丁度そのとき、騒々しい音を立てて、自室の扉が開け放たれる。
「ミラー!!」
軽快な声を上げて駆け込んできた少女は見慣れた顔だったが、その手に抱くものは見慣れないもの。
「シレア。……どうしたの? それ、なぁに?」
少女の手の中で揺れる緑は、草、否、木であろうか。どちらにしろ初めて見る植物だ。
「これはねぇー、ササっていうんだよ!」
「ササ?」
シレアが口にしたその植物の名前であろうものを鸚鵡返しに口にする。満面の笑みで頷きながら、シレアが笹を床に降ろす。
「異国の行事なんだけどね〜。今夜、願い事を書いてこのササに吊るすと願いが叶うんだって! ステキじゃない?」
はしゃいだ声を上げるシレアに、ミルディンも微笑みを浮かべた。
「そうなの? なんだか気前のいい行事なのね」
興味ありげに笹の前にしゃがみこむ。それを見てシレアは満足気に笑いながら、ごそごそとポケットをまさぐった。
「じゃーん!」
その手には長方形の色のついた紙が数枚握られている。
「タンザクって言うんだよ! これに願い事を書くの。ね、一緒に書こ?」
微笑みをそのままにミルディンは頷くと、机に向かってペンを2本取り出した。そのうちの一本をシレアに手渡すと、2人して机に向かう。
「何書こう。ねえ、ミラのお願いってなぁにー?」
「そうね。やっぱり……この国、ううん、世界が平和でありますように、かな?」
いいつつ、言葉どおりの事をサラサラと短冊に綺麗な字でしたためるミルディンに――だが、シレアは「う」と変な声を漏らした。
「ミラがそんなこと書いたら、あたし自分の書き辛いよぉ。超自分だけの我儘なお願いだもん。あたしのは」
「まあ、どんなお願いかしら?」
突如ミルディンはその笑みを悪戯っぽいものに変えると、慌てて隠そうとするシレアの手を掻い潜ってその長方形の色紙を奪い取る。

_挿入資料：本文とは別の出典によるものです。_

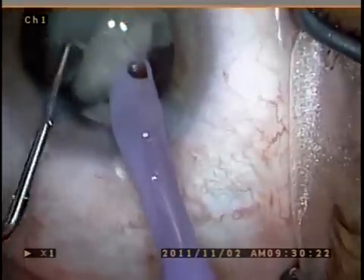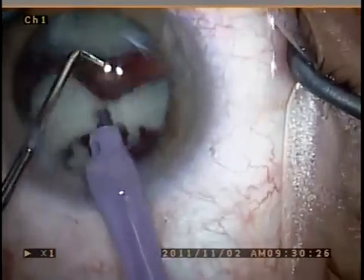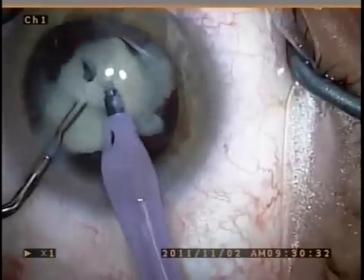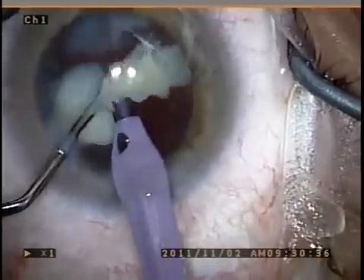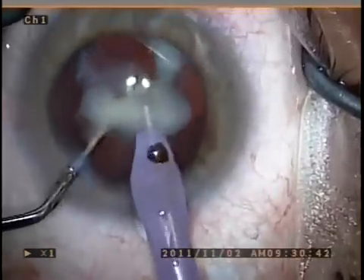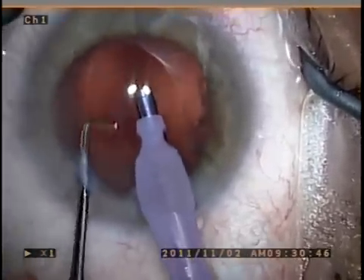At this point I'm also very aware of the fact that I have no protection of the posterior capsule, since all the epinuclear material is already liquefied and gone. So I do use the second instrument as a barrier for the posterior capsule to keep it from bounding up into my phaco tip with any surges that may occur.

そこに並んだシレアの可愛らしい字を読んで――クスリ、とミルディンは笑った。
「……じゃあ、世界が平和に、は皆のお願いってことにして。わたしも、もう一枚書こうかな」
自分のお願い、と呟いて、再びミルディンがペンを走らせる。
良く似た2人のお願いは、揃って笹に吊るされると、開け放しの窓に飾られた。
「……ねぇ、どうして今夜なのかしら?」
並んで笹を見上げながら、ふとミルディンが素朴な疑問を口にする。
視線は笹に注がれたままで、シレアは得意げに語りだした。
「なんかね、伝説があるんだって。……この時期って、一年のうちで一番星が綺麗に見えるでしょ。まるで川みたいに」
「うん」
「その星の川のあっちがわとこっちがわには、恋人同士のお姫様と王子様がいるんだって。そのお姫様達は、普段は川に阻まれて会えないけれど、毎年一度だけ、会うのを許されるの。それが今夜なんだって。だから、一年ぶりに会えて幸せな二人が願いを叶えてくれるのよ、きっと」
ムーンライトブルーの瞳をキラキラ輝かせてシレアが語る。
「そうなの……ロマンチックな伝説ね」
陽がおちて、既に外は薄暗い。そろそろ一番星が輝くころか。
「でも、だったら……わたしたちの願い、きっと贅沢ね。怒って叶えてくれないかもしれないわ」
あ、とシレアが小さく息を漏らす。
風が、笹の葉と短冊を揺らし、宙にくるくる躍らせる。
だけど、シレアはすぐに微笑みを戻した。
「ううん。きっと大丈夫。だって、好きな人と一緒にいられる幸せと喜びを、誰より知ってる筈だもの。だからきっと――叶えてくれるよ」
いつの時代も、どこの世界でも、乙女達の願いはきっと同じ。
――いつまでもずっと、大好きな人と一緒にいられますように。